PDF Malware Detection Using Visualization and Image Processing Techniques

By Andrew Corum (Calvin College) and Donovan Jenkins (New Mexico Tech)

Dependencies

Python3
OpenCV
scikit-learn (sklearn)
scikit-image (skimage)
SciPy (scipy)
multiprocessing

Usage

./main.py <dirname>

Note: Within the directory, <dirname>, PDFs must be labeled as CLEAN or INFEC (i.e. "CLEAN_<filename>.file" or "INFEC_<filename>.file"). They also must end with the ".file" tag.

Note: It may take a while for the program to start on your first run, since python needs to load all of the necessary libraries.

Preprocessing

PDFs must first be converted into images. You can either load pre-created images or create new images.

Select an option:
    0) Load
    1) Create

PDFs can be visualized as a byte plot, Markov plot, or Hilbert plot.

Choose a visualization type
    0) Byte
    1) Markov
    2) Hilbert

Feature extraction

You will be prompted for which features to extract from the visualized PDFs.
The options are Oriented Rotated BRIEF (ORB), Scale Invariant Feature Transform (SIFT), Local Binary Patterns (LBP), Gabor filter and histogram, and Local Entropy.

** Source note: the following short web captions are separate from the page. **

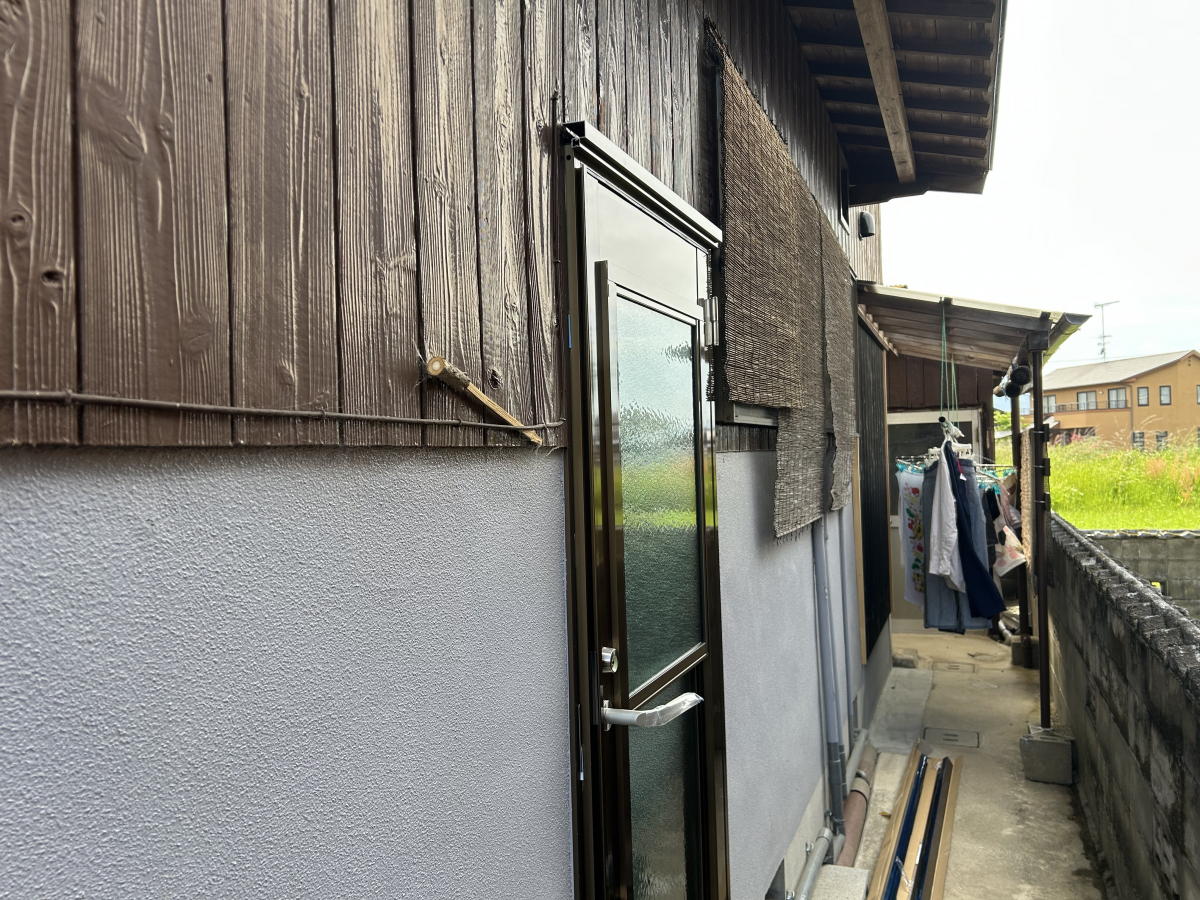 石鎚住器のリシェント勝手口ドアの施工前の写真2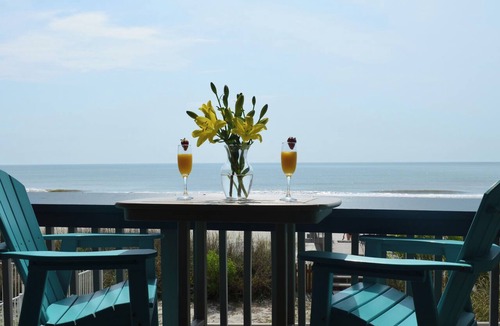 Surfside Beach Condo | Charming & Cozy 1st Floor Oceanfront and Beachfront Studio-Newly Renovated!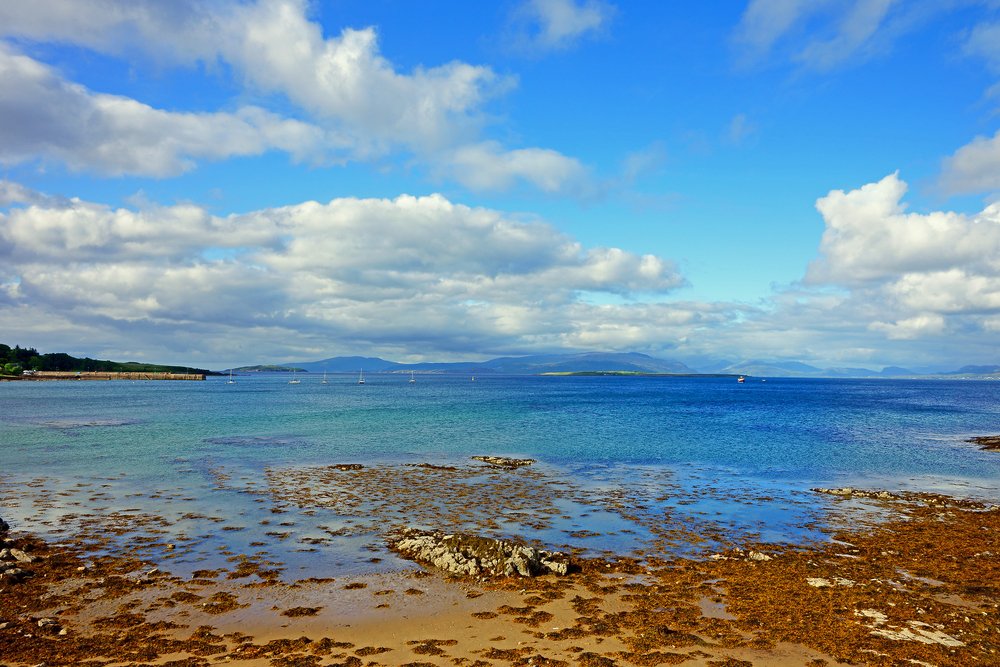 Udsigt over bugten Broadford Bay ved Broadford på Isle of Skye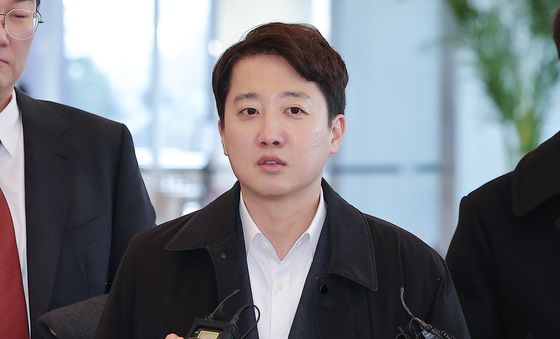 특검 출석하며 입장 밝히는 이준석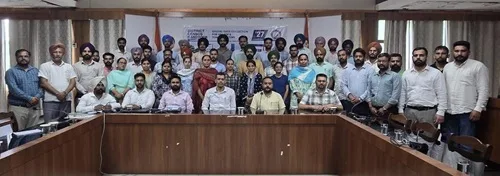 ਸੈਂਸਸ ਹੈਂਡਬੁੱਕ ਦੀ ਤਿਆਰੀ ਸਬੰਧੀ ਪਟਵਾਰੀਆਂ ਦੀ ਤਿੰਨ ਰੋਜ਼ਾ ਟ੍ਰੇਨਿੰਗ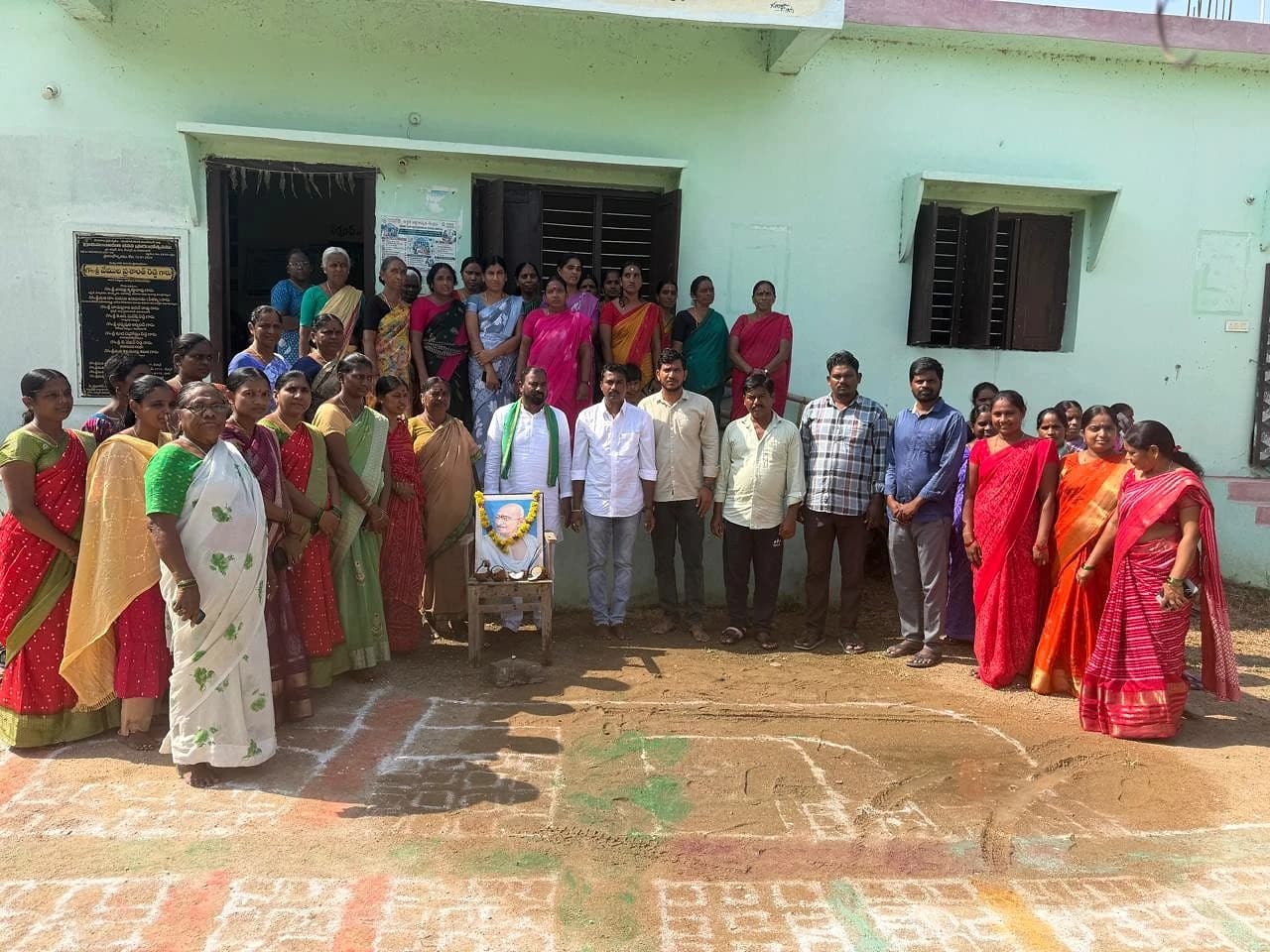 అక్లూర్ గ్రామంలో ఘనంగా గాంధీ జయంతి
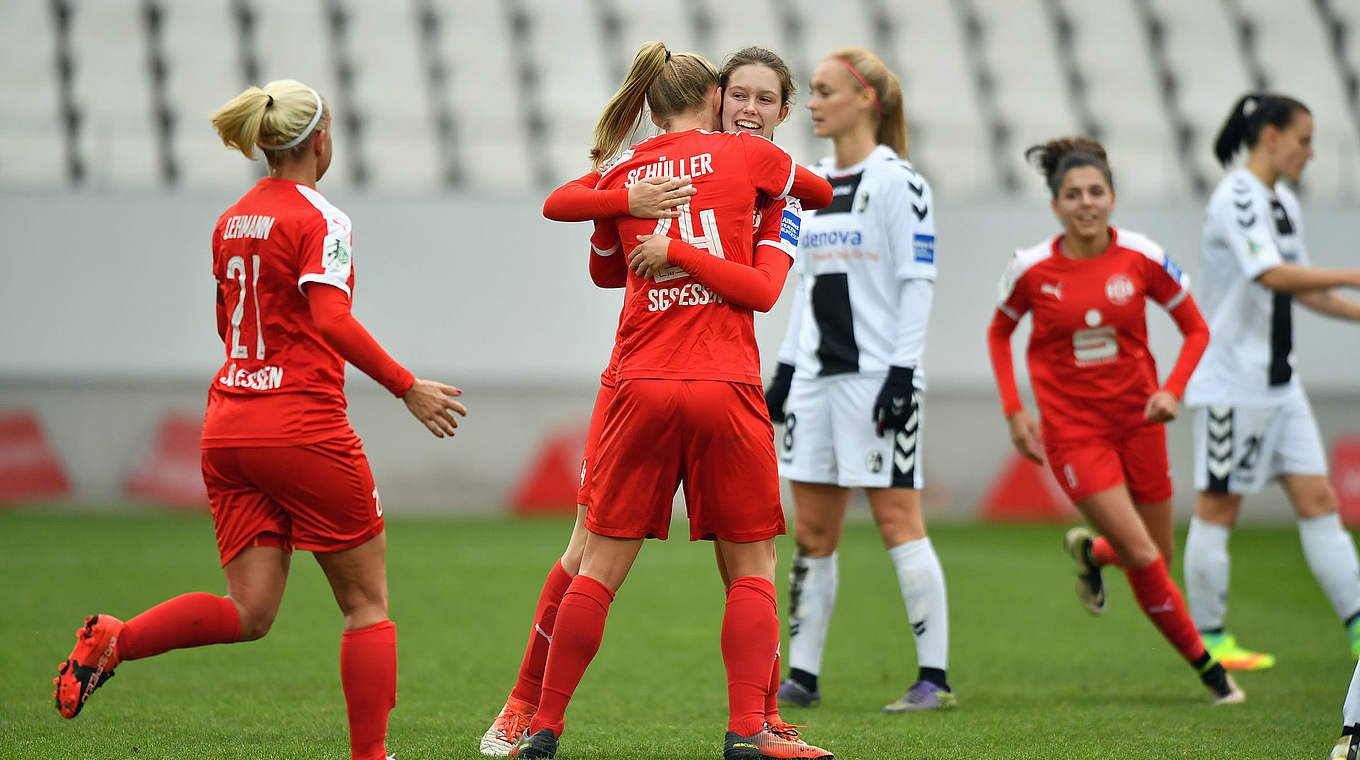 Jubel in Essen: Die SGS fügt dem SC Freiburg die erste Saisonniederlage zu © Jan Kuppert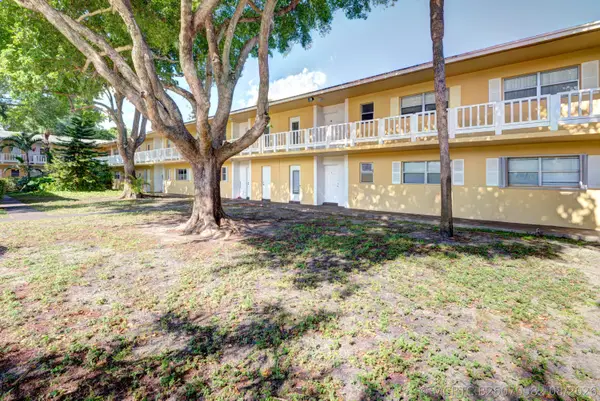 420 SE 2nd Avenue #23, Deerfield Beach, FL 33441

Choose a feature selection algorithm:
    0) ORB
    1) SIFT
    2) LBP
    3) Gabor
    4) Entropy

Machine learning

This program allows you to either perform cross validation on your data or train a model that will then be used to evaluate other PDFs.

Select an option:
    0) Cross validation
    1) Build and test model

You have a choice of which machine learning algorithm to use.

Choose a ML algorithm:
    0) Support Vector Machine
    1) Random Forest
    2) Decision Tree Classifier
    3) KNN

If you chose to build and test a model, you will have to repeat the preprocessing and feature extraction steps on your test data. If you chose cross validation, then you will see the accuracy, precision, recall, and f1 score of your model.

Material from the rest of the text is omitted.